Transcribe all the data, leaving each word as it is.

________________________________________

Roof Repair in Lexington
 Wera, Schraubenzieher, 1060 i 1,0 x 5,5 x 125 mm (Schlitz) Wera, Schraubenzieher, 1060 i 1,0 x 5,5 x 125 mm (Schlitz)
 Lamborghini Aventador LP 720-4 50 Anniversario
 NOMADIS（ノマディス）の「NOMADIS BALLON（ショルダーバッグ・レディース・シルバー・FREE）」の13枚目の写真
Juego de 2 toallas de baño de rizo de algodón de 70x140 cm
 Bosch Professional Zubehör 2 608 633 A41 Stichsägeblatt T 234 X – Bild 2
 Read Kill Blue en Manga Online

________________________________________

§ Solved exercise
Roof Repair in Lexington
 Wera, Schraubenzieher, 1060 i 1,0 x 5,5 x 125 mm (Schlitz) Wera, Schraubenzieher, 1060 i 1,0 x 5,5 x 125 mm (Schlitz)
 Lamborghini Aventador LP 720-4 50 Anniversario
 NOMADIS（ノマディス）の「NOMADIS BALLON（ショルダーバッグ・レディース・シルバー・FREE）」の13枚目の写真
Juego de 2 toallas de baño de rizo de algodón de 70x140 cm
 Bosch Professional Zubehör 2 608 633 A41 Stichsägeblatt T 234 X – Bild 2
 Read Kill Blue en Manga Online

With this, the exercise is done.